#1
  1. No Profile Picture
    Contributing User
    Devshed Intermediate (1500 - 1999 posts)

    Join Date
    Sep 2006
    Posts
    1,917
    Rep Power
    533

    Simple search engine for a help manual


    I have a help manual for a site. It is based a single table called "topics" with contains maybe 50 records (which are pages) and has the following columns:
    • id (int)
    • topics_id (int) (references id)
    • name (varchar)
    • content (text)

    So for a given topic, I would display on the page the following:
    • Name of the topic
    • A bread crumb of the topic's parents (i.e. root->primaryTopic->subTopic)
    • The actual help content typically with links to other help pages
    • A list of related subtopics

    I now wish to add a search window so the users may find relevant pages, and have implemented the following:
    Code:
    SELECT * FROM topics WHERE MATCH(content, name) AGAINST(? IN BOOLEAN MODE)
    While it works, it definitely can be improved primary for the following:
    • No ranking for relevance. Maybe the number or matches can be used, or maybe I should add a "keyword" column?
    • Doesn't handle related words. For instance, searching for "dog" doesn't match "dogs".

    Now, I am not trying to invent Google, but need to do better. Any suggestions, strategies, advice, etc, etc?
  2. #2
  3. Sarcky
    Devshed Supreme Being (6500+ posts)

    Join Date
    Oct 2006
    Location
    Pennsylvania, USA
    Posts
    10,846
    Rep Power
    6351
    IN BOOLEAN MODE removes the sorting. You need to add it back in, per the manual:
    Code:
    SELECT *, MATCH(content, name) AGAINST(? IN BOOLEAN MODE) AS `score` FROM topics WHERE MATCH(content, name) AGAINST(? IN BOOLEAN MODE) ORDER BY score
    HEY! YOU! Read the New User Guide and Forum Rules

    "They that can give up essential liberty to obtain a little temporary safety deserve neither liberty nor safety." -Benjamin Franklin

    "The greatest tragedy of this changing society is that people who never knew what it was like before will simply assume that this is the way things are supposed to be." -2600 Magazine, Fall 2002

    Think we're being rude? Maybe you asked a bad question or you're a Help Vampire. Trying to argue intelligently? Please read this.
  4. #3
  5. No Profile Picture
    Contributing User
    Devshed Intermediate (1500 - 1999 posts)

    Join Date
    Sep 2006
    Posts
    1,917
    Rep Power
    533
    Thanks Dan,

    I don't know why I was using IN BOOLEAN MODE in the first place.

    Any other ideas?

    What about the keyword column? Will work the same way, but I can specifically list words I want.

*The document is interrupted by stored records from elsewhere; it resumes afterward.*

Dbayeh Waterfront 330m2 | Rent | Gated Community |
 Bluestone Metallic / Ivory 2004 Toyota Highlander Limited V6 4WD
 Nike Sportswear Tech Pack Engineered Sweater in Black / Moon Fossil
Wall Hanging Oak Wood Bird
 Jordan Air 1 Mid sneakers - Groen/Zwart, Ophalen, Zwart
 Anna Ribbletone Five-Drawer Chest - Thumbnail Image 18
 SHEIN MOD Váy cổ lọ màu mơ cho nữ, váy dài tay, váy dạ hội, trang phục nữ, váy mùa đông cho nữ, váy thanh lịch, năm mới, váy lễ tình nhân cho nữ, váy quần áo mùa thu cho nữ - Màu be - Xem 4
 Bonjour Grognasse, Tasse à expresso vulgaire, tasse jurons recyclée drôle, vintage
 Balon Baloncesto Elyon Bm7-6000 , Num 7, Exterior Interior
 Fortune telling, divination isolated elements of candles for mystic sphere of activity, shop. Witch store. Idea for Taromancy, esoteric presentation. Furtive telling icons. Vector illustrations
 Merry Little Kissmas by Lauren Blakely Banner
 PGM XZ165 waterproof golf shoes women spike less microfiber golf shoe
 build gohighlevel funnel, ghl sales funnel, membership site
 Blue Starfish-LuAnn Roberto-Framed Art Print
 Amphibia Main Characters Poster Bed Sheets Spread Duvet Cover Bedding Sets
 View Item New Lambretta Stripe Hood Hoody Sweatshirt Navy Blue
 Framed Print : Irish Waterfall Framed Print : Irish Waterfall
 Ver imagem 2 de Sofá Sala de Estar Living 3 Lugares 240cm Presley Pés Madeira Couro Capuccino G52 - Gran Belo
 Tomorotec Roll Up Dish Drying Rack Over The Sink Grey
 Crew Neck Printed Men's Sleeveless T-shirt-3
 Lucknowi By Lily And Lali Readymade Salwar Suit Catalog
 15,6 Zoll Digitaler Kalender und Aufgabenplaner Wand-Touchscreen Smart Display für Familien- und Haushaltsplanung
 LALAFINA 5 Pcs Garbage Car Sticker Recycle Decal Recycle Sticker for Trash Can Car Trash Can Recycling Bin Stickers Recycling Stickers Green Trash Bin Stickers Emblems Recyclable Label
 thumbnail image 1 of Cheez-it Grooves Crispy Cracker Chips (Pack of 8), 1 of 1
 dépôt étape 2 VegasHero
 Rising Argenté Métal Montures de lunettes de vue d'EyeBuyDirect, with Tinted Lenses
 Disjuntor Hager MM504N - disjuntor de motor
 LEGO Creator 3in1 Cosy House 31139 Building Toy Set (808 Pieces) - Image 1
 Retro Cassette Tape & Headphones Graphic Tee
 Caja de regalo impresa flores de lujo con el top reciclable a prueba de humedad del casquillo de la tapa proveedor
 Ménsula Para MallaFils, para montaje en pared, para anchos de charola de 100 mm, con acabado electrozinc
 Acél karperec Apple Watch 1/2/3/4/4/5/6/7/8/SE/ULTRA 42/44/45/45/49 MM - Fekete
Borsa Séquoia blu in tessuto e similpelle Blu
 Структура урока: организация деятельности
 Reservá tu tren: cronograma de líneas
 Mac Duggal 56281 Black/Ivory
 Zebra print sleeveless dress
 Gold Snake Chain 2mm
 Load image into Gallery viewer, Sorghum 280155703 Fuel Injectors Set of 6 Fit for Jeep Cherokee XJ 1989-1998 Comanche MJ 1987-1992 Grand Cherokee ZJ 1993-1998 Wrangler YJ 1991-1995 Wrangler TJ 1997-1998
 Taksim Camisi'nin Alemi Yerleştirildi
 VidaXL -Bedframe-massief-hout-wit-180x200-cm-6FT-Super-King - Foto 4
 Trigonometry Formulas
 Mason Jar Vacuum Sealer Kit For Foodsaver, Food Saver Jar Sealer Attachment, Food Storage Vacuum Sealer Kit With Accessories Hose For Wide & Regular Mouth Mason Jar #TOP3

    Also, do you think taking account internal links from one page to another will be too complicated? I can create a CRON job which will crawl my little site daily and create some sort of index.

    Lastly, how about dealing with singular and plural? For instance, "Kitten" and "Kittens" are totally different. Note that "Dog" doesn't even registrar as the default minimum characters is 4.
  6. #4
  7. Sarcky
    Devshed Supreme Being (6500+ posts)

    Join Date
    Oct 2006
    Location
    Pennsylvania, USA
    Posts
    10,846
    Rep Power
    6351
    Any other ideas about...what?

    Singulars and plurals are harder, especially irregular plurals. You can fix the normal plurals by putting an asterisk on the end of every word, but "cactus -> cacti" can't be fixed without implementing a stemming algorithm
    HEY! YOU! Read the New User Guide and Forum Rules

    "They that can give up essential liberty to obtain a little temporary safety deserve neither liberty nor safety." -Benjamin Franklin

    "The greatest tragedy of this changing society is that people who never knew what it was like before will simply assume that this is the way things are supposed to be." -2600 Magazine, Fall 2002

    Think we're being rude? Maybe you asked a bad question or you're a Help Vampire. Trying to argue intelligently? Please read this.
  8. #5
  9. No Profile Picture
    Contributing User
    Devshed Intermediate (1500 - 1999 posts)

    Join Date
    Sep 2006
    Posts
    1,917
    Rep Power
    533
    Originally Posted by ManiacDan
    Any other ideas about...what?
    Making a reasonably good and reasonably simple search engine.

    Good idea about fixing normal plurals with an asterisk. Before doing so, I probably should crop any "s"'s off the search word, no? Unless the word is only 4 characters which probably shouldn't be cropped. I feel that the additional complexity for accounting for cacti and moose out way the benefits.

    Any other ideas like your asterisk idea?

    Thank you
  10. #6
  11. Sarcky
    Devshed Supreme Being (6500+ posts)

    Join Date
    Oct 2006
    Location
    Pennsylvania, USA
    Posts
    10,846
    Rep Power
    6351
    There are plenty of words which legitimately end in S without being plurals. You used one in your post: Unless. Others just on this page: Miscellaneous, cactus, removes, contains, matches, etc.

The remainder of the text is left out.